Lime green poop usually means one of two things: you ate something very green, or food moved through your digestive system faster than normal. In most cases, it’s harmless and resolves on its own within a day or two. But certain patterns, especially when paired with other symptoms, can signal something worth paying attention to.
Why Poop Is Normally Brown
Your liver produces bile, a yellow-green fluid that helps digest fats. As bile travels through your intestines, enzymes chemically break it down, gradually shifting its color from green to yellow to brown. That transformation takes time. The average transit through the colon alone is 30 to 40 hours, and up to 72 hours is still considered normal. When everything moves at a typical pace, bile completes its color change and your stool comes out brown.
When something speeds that process up, bile doesn’t fully break down. The result is stool that retains bile’s original green tint, sometimes bright or lime-colored depending on how quickly things moved through.
Foods That Turn Stool Lime Green
The most common and least concerning cause is diet. Chlorophyll, the pigment that makes plants green, can color your stool the same way. Spinach, kale, broccoli, avocados, herbs, matcha, and even pistachios (which get their color from chlorophyll) are all capable of producing noticeably green poop. The more you eat, the more vivid the color.

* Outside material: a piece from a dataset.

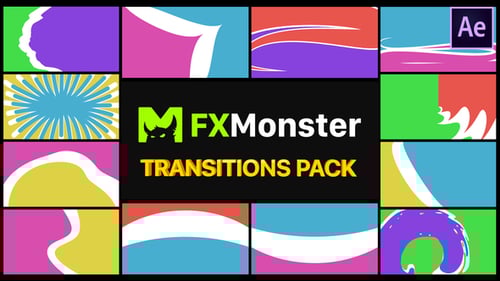 Colorful Dynamic Fluid Shape Transitions Motion Graphics Pack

Artificial food coloring is another frequent culprit. Brightly frosted cupcakes, green candy, sports drinks, and colored cereals contain dyes that continue tinting whatever they touch as they pass through your digestive tract. If you recently ate something with intense artificial coloring, that’s likely your answer. The green should disappear within one to two bowel movements after you stop eating the offending food.
Supplements and Medications
Several common over-the-counter products can shift stool color toward green:
- Iron supplements often darken stool and give it a green or even blackish hue.
- Antacids containing aluminum hydroxide can produce greenish poop as a side effect.
- Bismuth subsalicylate, the active ingredient in some antidiarrheal medications, reacts with sulfur in the digestive system and may turn stool dark green or black.
- Antibiotics can tint stool yellow or green, partly by disrupting the gut bacteria that normally help process bile.
If you recently started any of these, the timing alone is a strong clue. The color change is a cosmetic side effect, not a sign of harm.
Rapid Transit and Diarrhea
When food rushes through your intestines faster than usual, bile simply doesn’t have enough time to complete its chemical breakdown from green to brown. This is why diarrhea so frequently comes out green. Anything that accelerates gut motility, whether it’s a stomach virus, food intolerance, anxiety, caffeine, or even a particularly large meal, can produce lime green stool.
The key distinction here is that the green color isn’t the problem itself. It’s a visual marker that transit was unusually fast. If the diarrhea resolves in a day or so and you feel fine otherwise, the color is just a side effect of speed.
Infections That Cause Green Stool
Certain gut infections cause a rapid “gush” of unabsorbed bile, producing green diarrhea as a hallmark symptom. Bacterial infections like Salmonella and E. coli, viral infections like norovirus, and parasites like Giardia can all trigger this. In these cases, the green stool typically comes with other symptoms: cramping, nausea, fever, or watery diarrhea that persists for several days.
The green color alone doesn’t diagnose an infection. What separates an infection from a dietary cause is the combination of symptoms and their duration. A single episode of green stool with no other complaints is almost never an infection. Multiple days of green, watery diarrhea with abdominal pain and fever is a different story.
Green Stool in Babies
Parents frequently notice lime green poop in infants, and it’s usually normal. Breastfed babies can produce green stool when they don’t finish feeding entirely on one side. This means they get more of the lower-fat foremilk and less of the fat-rich hindmilk, which changes how the milk is digested. Iron-fortified formulas can also tint infant stool green, just as iron supplements do in adults.
Babies transitioning to solid foods often cycle through a range of stool colors as their digestive systems adjust. An occasional green diaper in an otherwise happy, feeding-well baby is rarely a concern.
When Green Poop Needs Attention
A single lime green bowel movement after a big salad or a handful of green candy needs zero follow-up. The situations that warrant a closer look involve persistence or accompanying symptoms. If green stool continues for more than a few days without an obvious dietary explanation, that’s worth discussing with a healthcare provider. The same applies if it comes with signs of dehydration (dark urine, dizziness, dry mouth), blood in the stool, significant abdominal pain, or fever.
Green diarrhea specifically calls for attention to fluid intake. Bile-rich, watery stool can lead to dehydration faster than you might expect, particularly in young children and older adults. Staying ahead of fluid loss with water and electrolytes matters more than worrying about the color itself.